The 118th Congress will convene in January, and again arrives the opportunity for a new cohort of leaders to turn from bitter partisanship toward compromise and consensus. That expectation might seem unreasonable given our political climate, but as the midterm election results showed, the electorate is ready for a change in tone.
In this way, perhaps, the past is again an inspiration. More than a quarter-century ago, Dole accepted the Republican nomination for president with a speech that closed in these words:
Optimism is in our blood. I know this as few others can. There once was a time when I doubted the future. But I have learned as many of you have learned that obstacles can be overcome.
And I have unlimited confidence in the wisdom of our people and the future of our country.

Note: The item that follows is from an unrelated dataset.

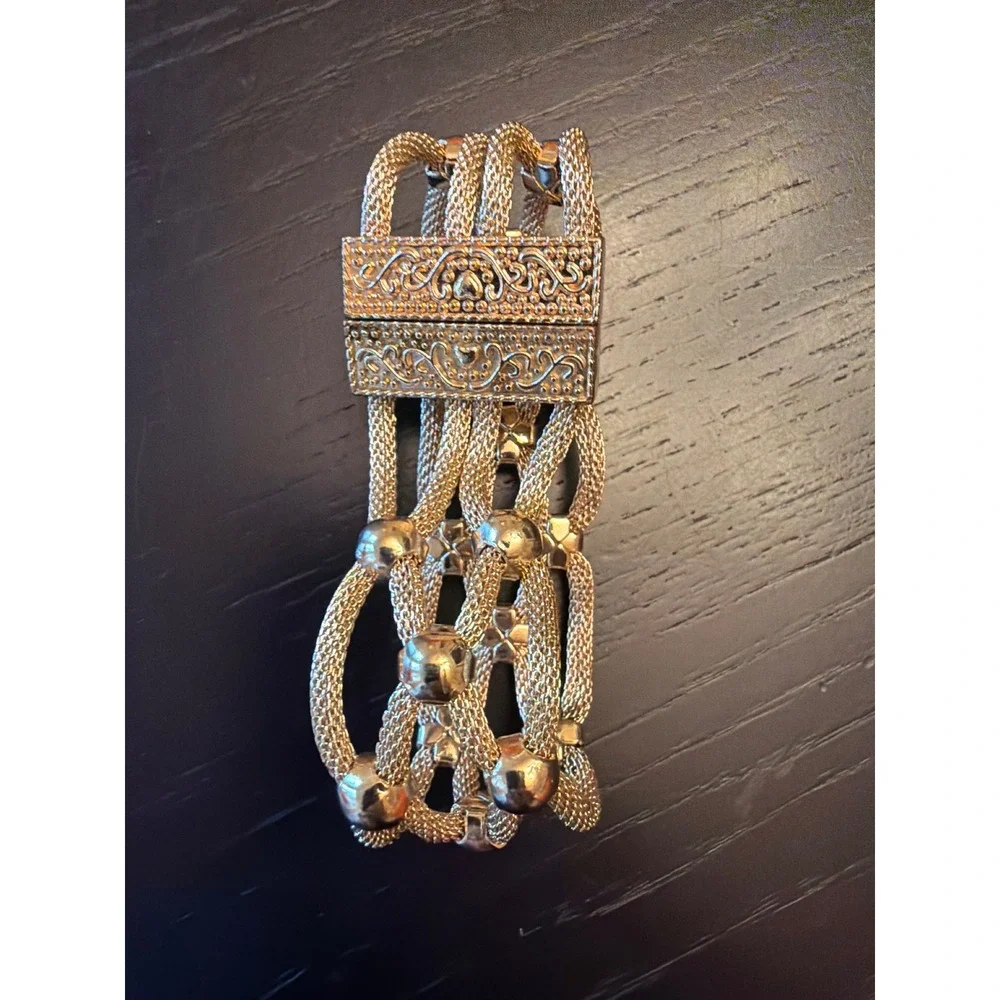 N/A gold tone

Tonight, I stand before you tested by adversity, made sensitive by hardship, a fighter by principle, and the most optimistic man in America.
My life is proof that America is a land without limits. And with my feet on the ground and my heart filled with hope, I put my faith in you and in the God who loves us all.
For I am convinced that America’s best days are yet to come.
We don’t typically look for the next wave of the future in institutions, which tend to be about as revolutionary as nostalgia for a receding past. But at their best, when reflecting human nature’s finest qualities, they are both an essential foundation of and sustaining nourishment for an enduring democratic society.
On a sad day for so many, how fortunate we are that Dole’s legacy lives through a thriving institution dedicated to the only kind of leadership that will secure our country’s future.
Audrey Coleman is the director of the Robert J. Dole Institute of Politics at the University of Kansas in Lawrence.